◆ Records excerpted from a collection ◆
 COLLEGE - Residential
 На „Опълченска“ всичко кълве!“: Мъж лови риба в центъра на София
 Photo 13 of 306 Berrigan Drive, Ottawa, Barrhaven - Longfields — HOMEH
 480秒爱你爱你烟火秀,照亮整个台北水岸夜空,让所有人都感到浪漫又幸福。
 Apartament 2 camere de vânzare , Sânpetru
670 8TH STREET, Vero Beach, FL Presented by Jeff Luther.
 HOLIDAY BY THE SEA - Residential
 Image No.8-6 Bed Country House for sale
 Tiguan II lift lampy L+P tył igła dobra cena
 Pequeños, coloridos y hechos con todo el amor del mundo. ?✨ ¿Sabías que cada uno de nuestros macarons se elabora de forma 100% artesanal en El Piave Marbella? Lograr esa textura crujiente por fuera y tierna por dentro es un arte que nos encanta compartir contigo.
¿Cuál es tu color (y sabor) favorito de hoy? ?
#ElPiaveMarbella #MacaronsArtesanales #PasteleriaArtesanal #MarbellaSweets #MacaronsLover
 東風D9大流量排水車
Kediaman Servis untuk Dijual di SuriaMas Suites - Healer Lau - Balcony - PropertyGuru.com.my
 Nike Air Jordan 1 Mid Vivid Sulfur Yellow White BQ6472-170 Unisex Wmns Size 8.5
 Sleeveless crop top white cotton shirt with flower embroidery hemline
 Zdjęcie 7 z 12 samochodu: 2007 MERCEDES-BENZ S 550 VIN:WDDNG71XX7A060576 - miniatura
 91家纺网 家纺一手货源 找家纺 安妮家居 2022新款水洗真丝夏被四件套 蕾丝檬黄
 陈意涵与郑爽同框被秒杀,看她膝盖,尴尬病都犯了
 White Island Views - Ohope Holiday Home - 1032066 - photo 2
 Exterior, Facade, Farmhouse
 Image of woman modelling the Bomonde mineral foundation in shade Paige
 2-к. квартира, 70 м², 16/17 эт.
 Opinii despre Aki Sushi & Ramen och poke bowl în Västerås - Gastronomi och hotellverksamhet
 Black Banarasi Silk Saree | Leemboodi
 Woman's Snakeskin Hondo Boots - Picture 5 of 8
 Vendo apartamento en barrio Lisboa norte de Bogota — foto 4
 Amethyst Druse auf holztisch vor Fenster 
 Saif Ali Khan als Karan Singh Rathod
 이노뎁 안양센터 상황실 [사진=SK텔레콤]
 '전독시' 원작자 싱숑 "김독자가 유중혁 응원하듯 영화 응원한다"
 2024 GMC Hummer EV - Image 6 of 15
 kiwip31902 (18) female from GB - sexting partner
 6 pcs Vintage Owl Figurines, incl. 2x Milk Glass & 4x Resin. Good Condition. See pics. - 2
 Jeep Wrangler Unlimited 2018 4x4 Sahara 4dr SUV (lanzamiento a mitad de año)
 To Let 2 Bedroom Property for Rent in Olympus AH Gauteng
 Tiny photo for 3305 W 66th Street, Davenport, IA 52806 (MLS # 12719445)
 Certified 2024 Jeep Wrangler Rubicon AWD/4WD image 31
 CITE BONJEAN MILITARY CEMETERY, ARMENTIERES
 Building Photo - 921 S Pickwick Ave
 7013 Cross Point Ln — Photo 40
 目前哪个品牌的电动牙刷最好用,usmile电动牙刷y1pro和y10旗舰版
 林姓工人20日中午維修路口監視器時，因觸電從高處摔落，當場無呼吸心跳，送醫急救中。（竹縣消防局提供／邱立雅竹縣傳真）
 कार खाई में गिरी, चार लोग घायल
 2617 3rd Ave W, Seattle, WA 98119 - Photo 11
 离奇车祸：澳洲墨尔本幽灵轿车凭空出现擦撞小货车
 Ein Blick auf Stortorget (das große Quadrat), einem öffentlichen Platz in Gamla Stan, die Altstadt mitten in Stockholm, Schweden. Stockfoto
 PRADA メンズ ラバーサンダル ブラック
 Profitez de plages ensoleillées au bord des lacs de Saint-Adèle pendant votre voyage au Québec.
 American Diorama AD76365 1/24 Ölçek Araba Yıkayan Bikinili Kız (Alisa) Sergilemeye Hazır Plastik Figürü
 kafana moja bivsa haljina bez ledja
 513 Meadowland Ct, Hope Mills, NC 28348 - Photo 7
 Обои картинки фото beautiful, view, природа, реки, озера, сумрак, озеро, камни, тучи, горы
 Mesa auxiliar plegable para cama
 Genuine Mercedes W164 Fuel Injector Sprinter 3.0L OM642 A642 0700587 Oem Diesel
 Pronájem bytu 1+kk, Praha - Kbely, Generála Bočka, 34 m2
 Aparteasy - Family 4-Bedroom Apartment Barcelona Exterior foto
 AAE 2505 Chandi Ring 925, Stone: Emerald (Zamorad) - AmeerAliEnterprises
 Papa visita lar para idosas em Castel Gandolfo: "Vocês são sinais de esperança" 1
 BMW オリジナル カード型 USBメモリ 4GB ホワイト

◆ Action item ◆
Beginning at the top of the entries above, output each line exactly, and end with the line in which "陈意涵与郑爽同框被秒杀,看她膝盖,尴尬病都犯了" appears.

◆ Exercise result ◆
 COLLEGE - Residential
 На „Опълченска“ всичко кълве!“: Мъж лови риба в центъра на София
 Photo 13 of 306 Berrigan Drive, Ottawa, Barrhaven - Longfields — HOMEH
 480秒爱你爱你烟火秀,照亮整个台北水岸夜空,让所有人都感到浪漫又幸福。
 Apartament 2 camere de vânzare , Sânpetru
670 8TH STREET, Vero Beach, FL Presented by Jeff Luther.
 HOLIDAY BY THE SEA - Residential
 Image No.8-6 Bed Country House for sale
 Tiguan II lift lampy L+P tył igła dobra cena
 Pequeños, coloridos y hechos con todo el amor del mundo. ?✨ ¿Sabías que cada uno de nuestros macarons se elabora de forma 100% artesanal en El Piave Marbella? Lograr esa textura crujiente por fuera y tierna por dentro es un arte que nos encanta compartir contigo.
¿Cuál es tu color (y sabor) favorito de hoy? ?
#ElPiaveMarbella #MacaronsArtesanales #PasteleriaArtesanal #MarbellaSweets #MacaronsLover
 東風D9大流量排水車
Kediaman Servis untuk Dijual di SuriaMas Suites - Healer Lau - Balcony - PropertyGuru.com.my
 Nike Air Jordan 1 Mid Vivid Sulfur Yellow White BQ6472-170 Unisex Wmns Size 8.5
 Sleeveless crop top white cotton shirt with flower embroidery hemline
 Zdjęcie 7 z 12 samochodu: 2007 MERCEDES-BENZ S 550 VIN:WDDNG71XX7A060576 - miniatura
 91家纺网 家纺一手货源 找家纺 安妮家居 2022新款水洗真丝夏被四件套 蕾丝檬黄
 陈意涵与郑爽同框被秒杀,看她膝盖,尴尬病都犯了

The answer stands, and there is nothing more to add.